### What needs to be done
In the copy, include no pictures, but reproduce every record exactly.

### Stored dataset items
▼
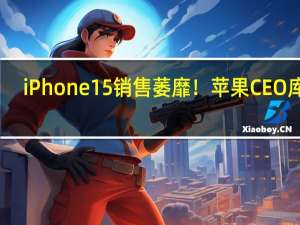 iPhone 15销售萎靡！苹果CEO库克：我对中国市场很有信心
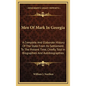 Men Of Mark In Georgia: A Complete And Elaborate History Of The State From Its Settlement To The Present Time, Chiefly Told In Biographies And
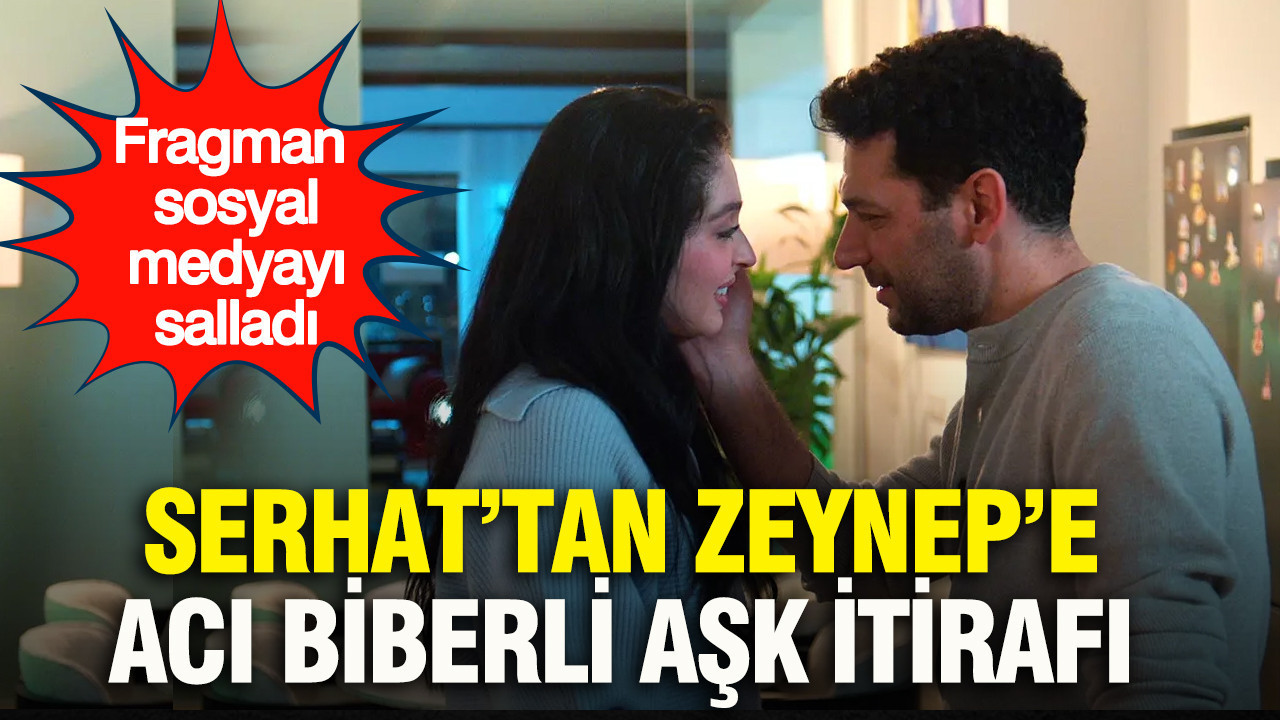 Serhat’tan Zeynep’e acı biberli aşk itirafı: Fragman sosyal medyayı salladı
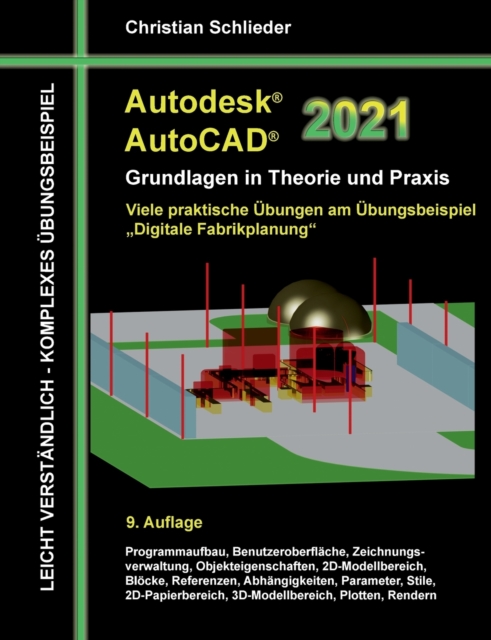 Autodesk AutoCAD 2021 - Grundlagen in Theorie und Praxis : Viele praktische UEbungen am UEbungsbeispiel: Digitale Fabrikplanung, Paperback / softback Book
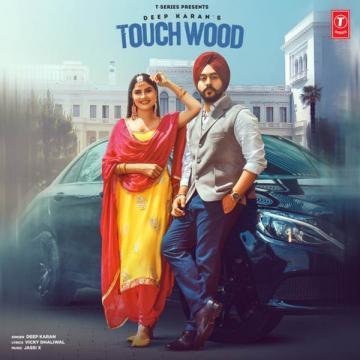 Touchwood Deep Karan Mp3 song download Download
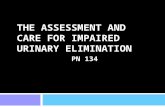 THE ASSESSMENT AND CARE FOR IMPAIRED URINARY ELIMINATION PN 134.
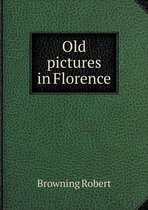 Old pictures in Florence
▲
### Response
 iPhone 15销售萎靡！苹果CEO库克：我对中国市场很有信心
 Men Of Mark In Georgia: A Complete And Elaborate History Of The State From Its Settlement To The Present Time, Chiefly Told In Biographies And
 Serhat’tan Zeynep’e acı biberli aşk itirafı: Fragman sosyal medyayı salladı
 Autodesk AutoCAD 2021 - Grundlagen in Theorie und Praxis : Viele praktische UEbungen am UEbungsbeispiel: Digitale Fabrikplanung, Paperback / softback Book
 Touchwood Deep Karan Mp3 song download Download
 THE ASSESSMENT AND CARE FOR IMPAIRED URINARY ELIMINATION PN 134.
 Old pictures in Florence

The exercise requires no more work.